Task prompt
Retype the data below verbatim; pictures do not belong in the copy.

*** Data Section Begins ***

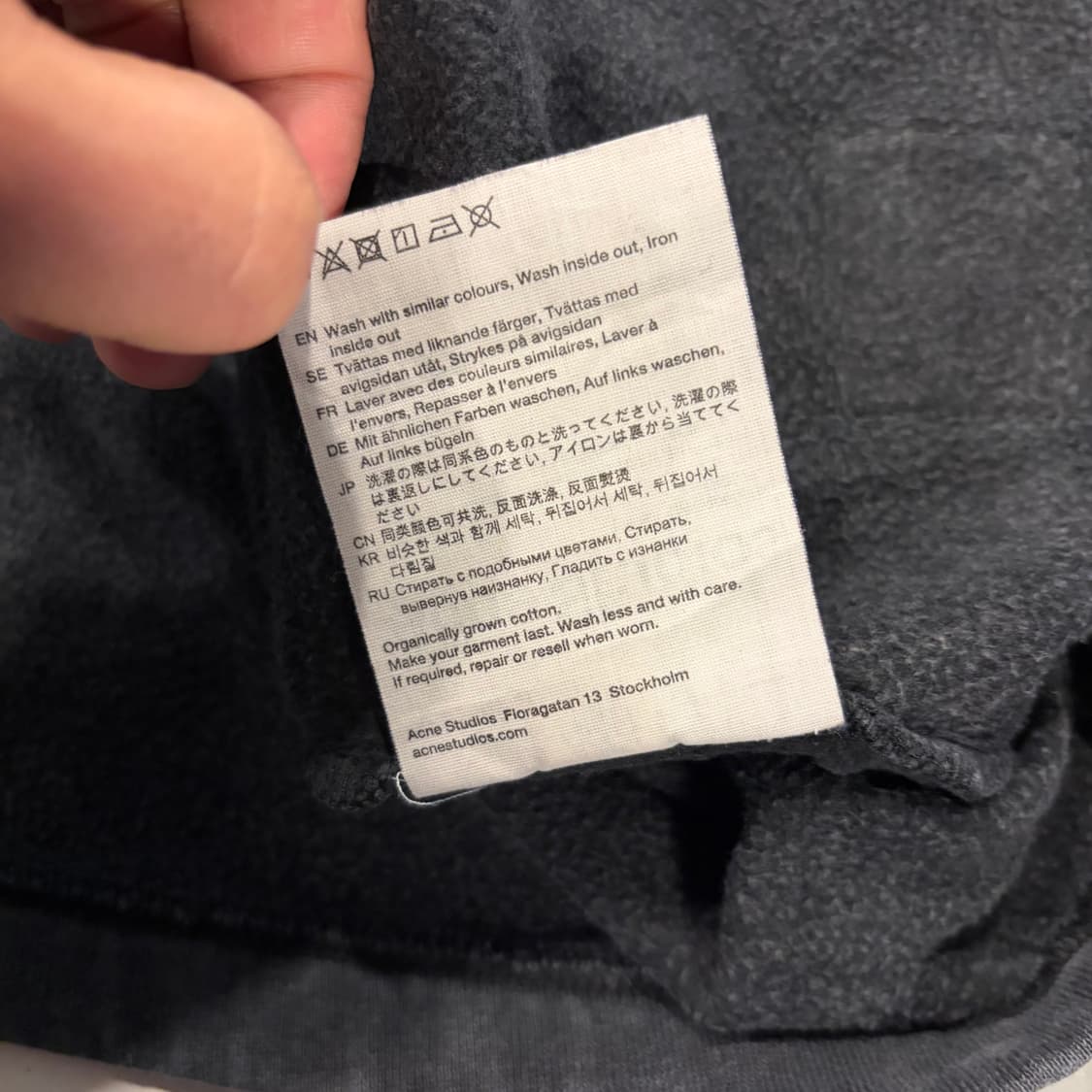 [M] 아크네 스튜디오 워싱 다잉 반팔티셔츠 블랙 D843 상품이미지8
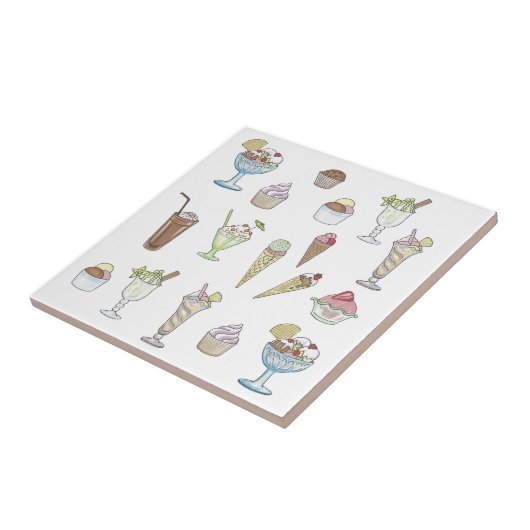 Eiscreme Sundae Collage White Fliese (Seite)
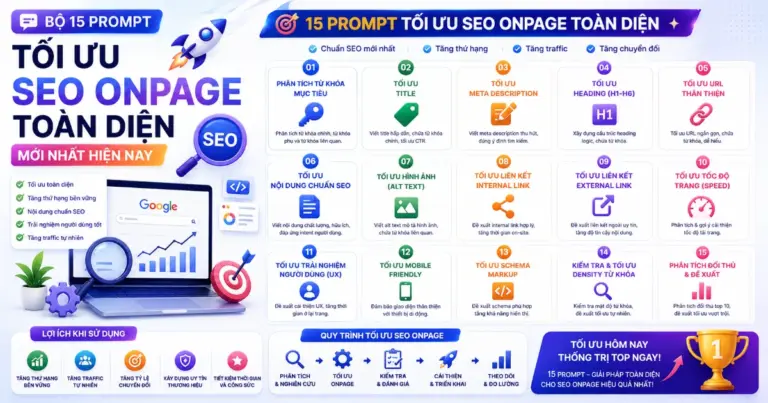 Bộ 15 Prompt Tối ưu SEO Onpage toàn diện mới nhất hiện nay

*** Data Section Ends ***

Written solution
 [M] 아크네 스튜디오 워싱 다잉 반팔티셔츠 블랙 D843 상품이미지8
 Eiscreme Sundae Collage White Fliese (Seite)
 Bộ 15 Prompt Tối ưu SEO Onpage toàn diện mới nhất hiện nay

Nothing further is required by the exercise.